Thursday, November 14, 2013

What It Means To Be Grateful

Someone posed a question in a forum about daycare food going to waste; If uneaten food goes in the trash, what's the difference if the child had eaten it instead? Isn't eaten food wasted food too?

A bunch of people agreed with the poster for some reason, but I just can't wrap my head around that. Food is fuel for the body. If you filled your car up with exactly enough gas to get somewhere, but found you didn't use it all, would you save it for later, or would you dump it out because "it's gas you would have used anyway"? That's not economical at all!

Wasted food makes me sad. Bob worked hard to pay for that food and when something forgotten in the back of the fridge grows mold, or a box of whatever in the cupboard goes stale, that's a waste of money too. That food could have provided me with energy and nutrition, and now I have to go out and get more of it. And when perfectly good food gets thrown out instead of eaten, well that feels worse than chucking something expired. At least with the expired food I had intended to try and eat it.

The kicker is that I don't really like eating leftovers. I do it because I can't afford not to and I see the value in making meals ahead of time, or preparing extra food at supper for lunch the next day. Foods I'm not keen on eating again I give to Bob and Tesla or the daycare kids. And if they don't eat it... well, it's food I would have thrown out anyway, so it doesn't hurt the same way as throwing out food I would have eaten.

We're such a rich country, children (and probably some adults too) living here can't fathom what it means to go without. It's only those who take their excess for granted that waste. (So, pretty much everyone living in the western part of the world.) I think of all those people in the Philippines who have nothing right now, and I do feel a bit guilty for having access to so much, wasting food, wasting water. I can't help but feel removed from the situation, since it's so unlikely that would ever happen to us in Canada.

But I'm not the type of parent that gives the "there are starving children in the Philippines and Africa and China that would love to eat what's on your plate!" speech. So send it to them! I would tell my father when he would yammer on about Africa. I thought it was such a stupid saying growing up and I didn't understand it. I didn't know what it meant to be grateful.

That all changed when I was an adult. Not because I had pay for and prepare my own food, but because of a holocaust survivor's presentation about his life. When I was working at CBC I went to his presentation he was giving to a group of high school students. During the war he and his family had to live under a crawl space and they rarely got to get out.

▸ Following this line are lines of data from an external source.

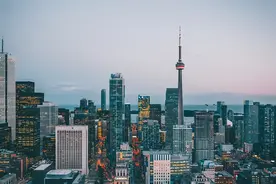 房地产大变天！中介涌上抖音卖房，有人靠8秒钟视频1天卖2套图片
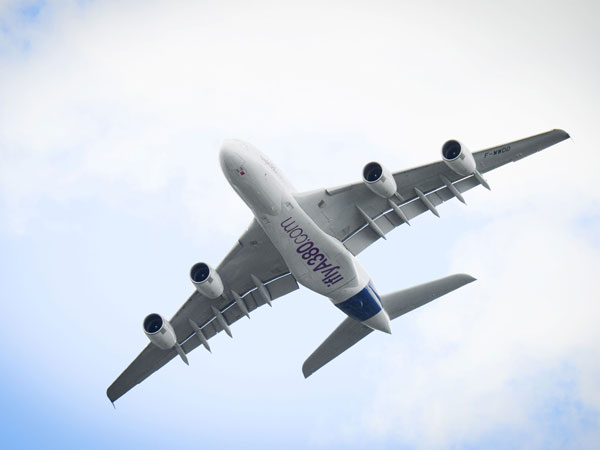 இவ்வளவு நாட்களாக விமானத்தை இயக்கியது இவர்கள்தான்... உலகை அதிர்ச்சியில் உறைய வைத்த திடுக் தகவல்...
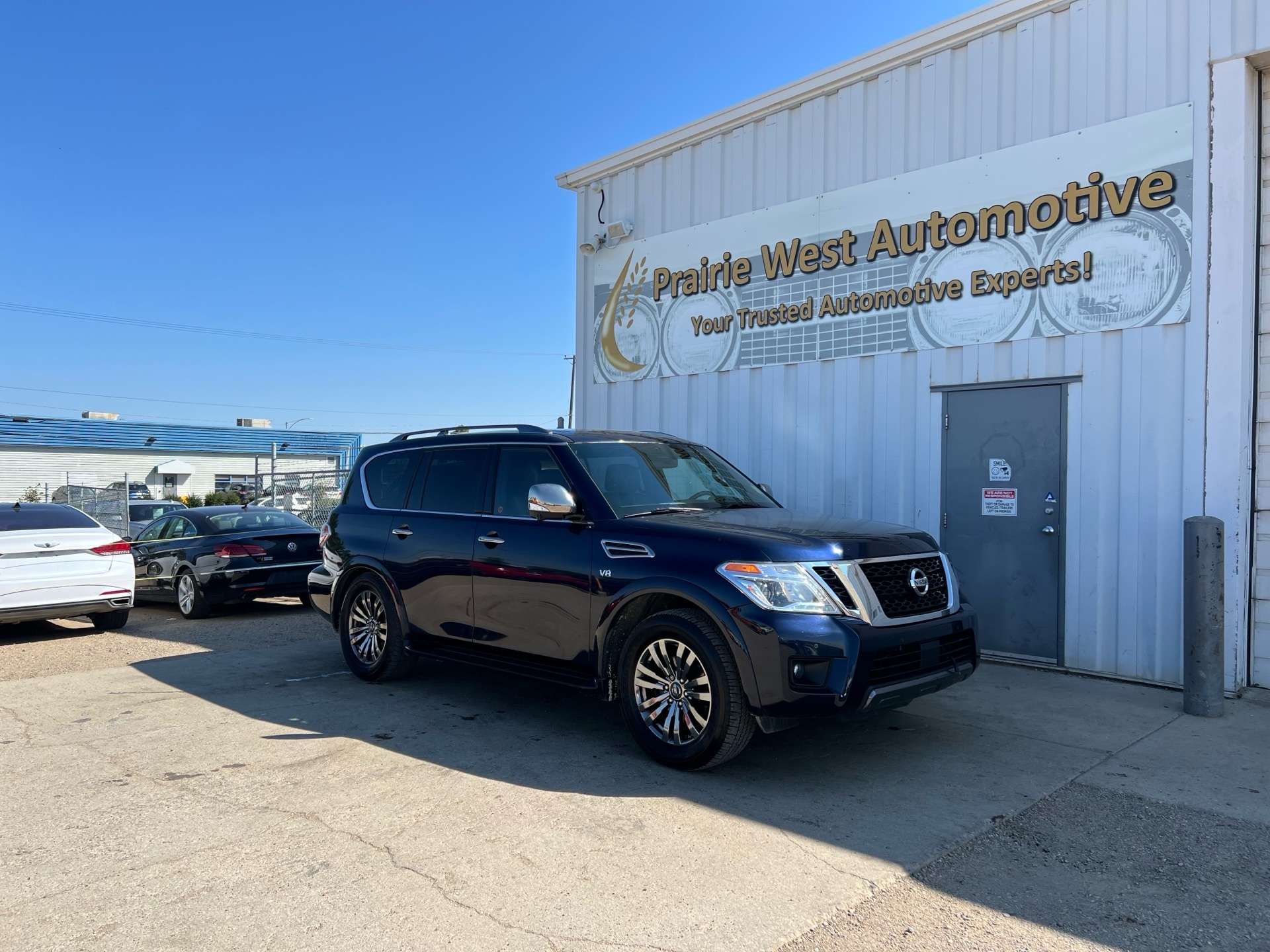 2020 Nissan Armada SL AWD 7 Passenger | Command Start | Heated Seat — снимка 1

They had nothing to eat but rotten onions for months on end. Every day, raw, rotten onions to eat. He hated onions. He said he would have eaten anything, anything else but an onion if he had the chance. He would go to sleep and dream he could have a tall glass of cool, refreshing water to drink, all for himself. They were all so thirsty and hungry and cramped, just trying to stay alive and fight off illness.

His story was so powerful, it was hard not to cry.  That stupid saying... there are starving children in the world that would love to eat what you have... it finally made sense to me in that moment.

I can't wait until Tesla's old enough to understand that story. Just because we can and do waste food, doesn't mean we should or that it's okay. Remembrance Day combined with the disaster in the Philippines has me thinking extra hard about all the things I'm thankful for. We're all privileged. Let's not forget that.